The number one reason in our view to get a bassinet is because the AAP recommends that your newborn should sleep in your room but not in your bed: it’s associated with a lower risk of SIDS. You can read about some theories of the protective effect of roomsharing here at The Science of Mom – it’s fascinating stuff! As they note, roomsharing isn’t for everyone, because it can interfere with mom’s sleep, but it’s worth giving it a try. (If you absolutely can’t sleep with your baby right there, though, it’s not the end of the world, because your baby is going to be less safe if you’re hopelessly sleep deprived. You need to take care of yourself too!)

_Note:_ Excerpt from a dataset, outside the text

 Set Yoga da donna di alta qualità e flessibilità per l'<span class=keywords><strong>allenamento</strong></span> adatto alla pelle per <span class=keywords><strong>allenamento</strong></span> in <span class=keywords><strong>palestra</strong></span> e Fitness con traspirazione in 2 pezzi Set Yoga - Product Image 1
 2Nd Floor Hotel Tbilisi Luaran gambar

So if you’re going to keep your baby in your room while you sleep, a bassinet is best: it has a small footprint and can easily be moved around, and many can be scooted right up next to your bed so you can scoop the baby up and nurse her without getting out of bed yourself. The Halo Bassinest Swivel Sleeper is specially designed to enable this: it’s made to settle the baby right on the mattress next to you, protected by flexible walls that you can push down to tend to the baby. It gives you the closeness of bedsharing without the risk, and is especially great for C-section recovery!
Another advantage of bassinets is that it’s easier to put your baby in and take them out: not all of them are as handy as the Bassinest, but they’re all easier than reaching over the higher side of a crib. Again, this is a benefit that everyone will enjoy, but especially moms who are healing after a C-section.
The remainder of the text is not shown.